Les vagues sont violentes, la houle est terrible, mais nous ne craignons pas d’être engloutis par la mer, car nous sommes debout sur le roc. Que la mer soit furieuse, elle ne peut briser ce roc ; que les flots se soulèvent, ils sont incapables d’engloutir la barque de Jésus. Que craindrions-nous ? Dites-le moi. La mort ? Pour moi, vivre c’est le Christ, et mourir est un avantage. L’exil ? La terre appartient au Seigneur, avec tout ce que la remplit. La confiscation des biens ? De même que nous n’avons rien apporté dans ce monde, nous ne pourrons rien emporter. Les menaces du monde, je les méprise ; ses faveurs, je m’en moque. Je ne crains pas la pauvreté, je ne désire pas la richesse ; je ne crains pas la mort, je ne désire pas vivre, sinon pour vous faire progresser. C’est à cause de cela que je vous avertis de ce qui se passe, et j’exhorte votre charité à la confiance.

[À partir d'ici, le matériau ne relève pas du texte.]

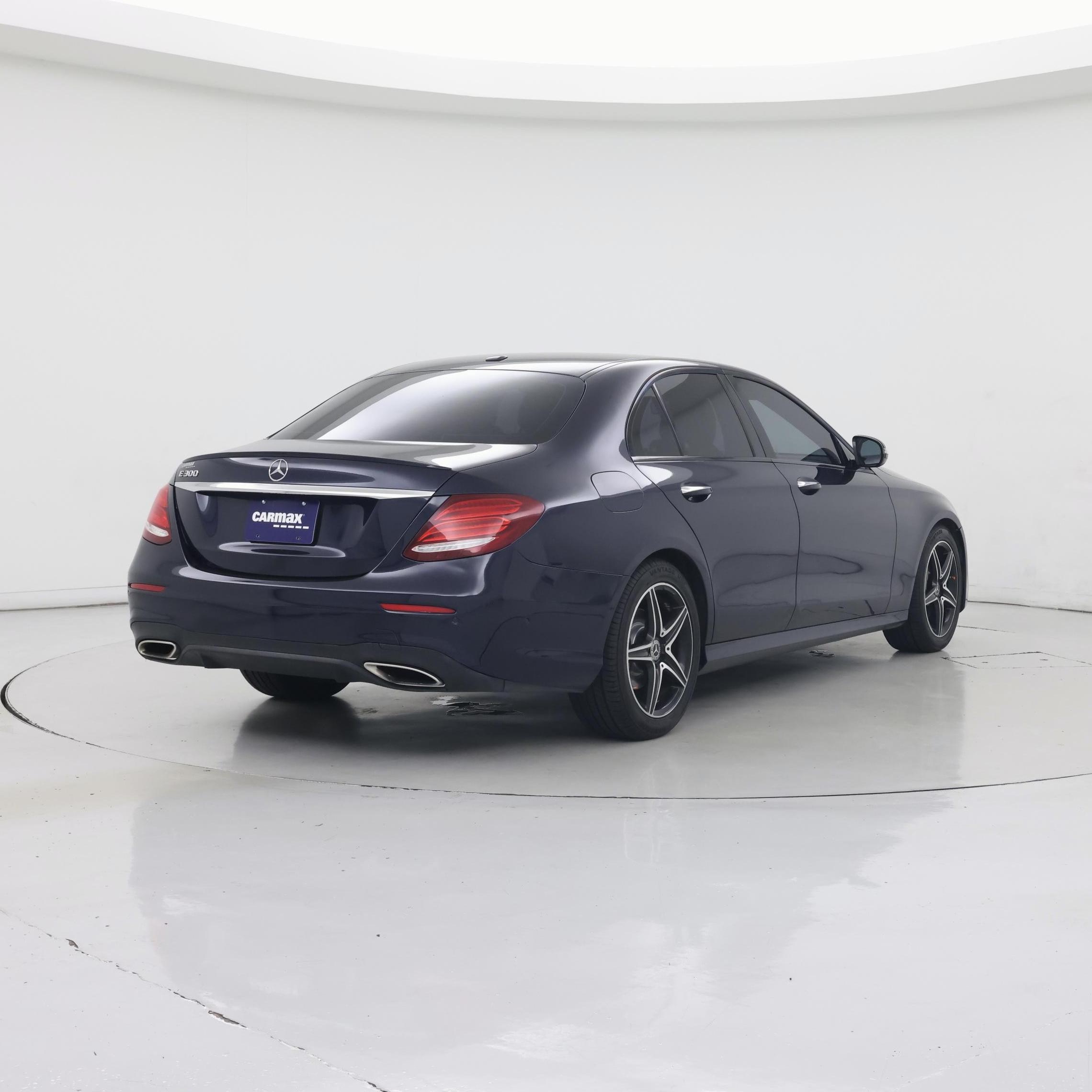 Thumbnail: 2018 Mercedes-Benz E-Class - 8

N’entendez-vous pas cette parole du Seigneur : Quand deux ou trois sont réunis en mon nom, je suis là, au milieu d’eux ? Et là où un peuple aussi nombreux est uni par le lien de la charité, le Seigneur ne serait pas présent ? J’ai sa garantie : est-ce à ma propre force que je fais confiance ? Je possède sa parole : voilà mon appui, voilà ma sécurité, voilà mon havre de paix. Que l’univers se soulève, je possède cette parole, j’en lis le texte : voilà mon rempart, voilà ma sécurité.Quel Texte ? Je suis avec vous tous les jours jusqu’à la fin de s temps.

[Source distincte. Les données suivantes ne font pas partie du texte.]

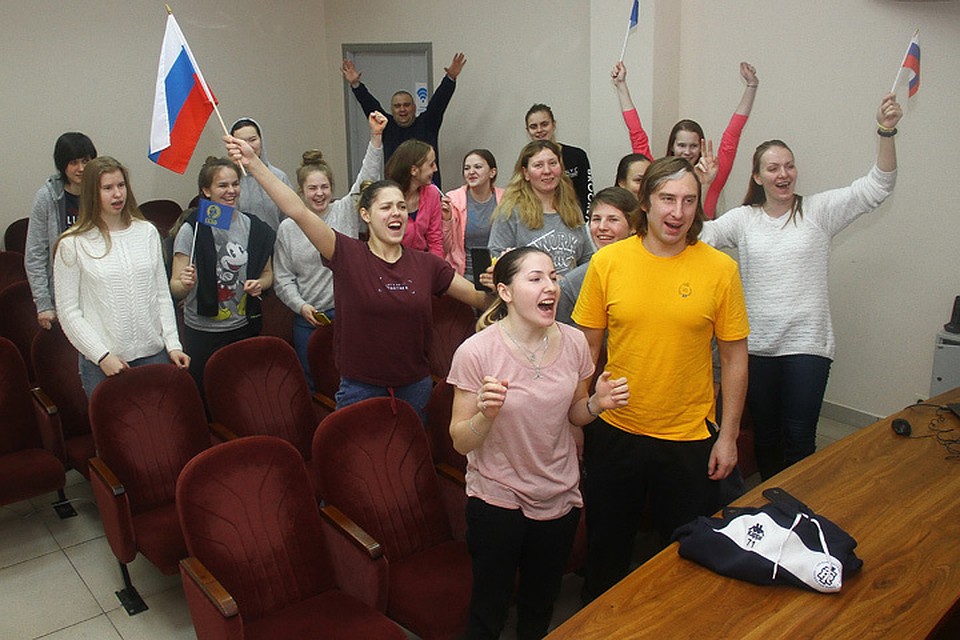 Команда "СКИФ" поболела за женскую сборную России по хоккею вместе с журналистами "Комсомолки".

Le Christ est avec moi : que vais-je craindre ? Même si les flots de la mer ou la colère des puissants s’élèvent contre moi, tout cela est aussi peu de choses pour moi qu’une toile d’araignée. Et sans l’amour que j’ai pour vous, je n’aurais pas refusé de partir aujourd’hui même. Car je ne cesse de dire : Seigneur, que ta volonté soit faite. Non pas ce que veut un tel ou un tel, mais ce que tu veux. C’est là ma citadelle, c’est là mon roc inébranlable, c’est là mon appui solide. Que la volonté de Dieu se fasse. S’il veut que je reste ici, je rends grâce. Quel que soit le lieu où il me veuille, je le bénis.

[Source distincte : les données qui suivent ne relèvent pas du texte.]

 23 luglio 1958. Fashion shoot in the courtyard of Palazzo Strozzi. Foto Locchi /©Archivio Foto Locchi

En quelque lieu que je sois, vous y êtes aussi : le corps ne se sépare pas de la tête, ni la tête du corps. Si nous sommes éloignés par la distance, nous sommes unis par la charité et la mort elle-même ne pourra couper ce lien. Si mon corps vient à mourir, mon âme restera vivante et se souviendra de mon peuple.
Vous êtes mes concitoyens, vous êtes mes pères, vous êtes mes frères, vous êtes mes enfants, vous êtes mes membres, vous êtes mon corps, vous êtes ma lumière, et même vous êtes plus doux pour moi que la lumière. En effet, la lumière du soleil ne m’apporte rien de comparable à ce que m’apporte votre charité. Le soleil m’est utile à présent, mais votre charité me prépare une couronne pour l’avenir.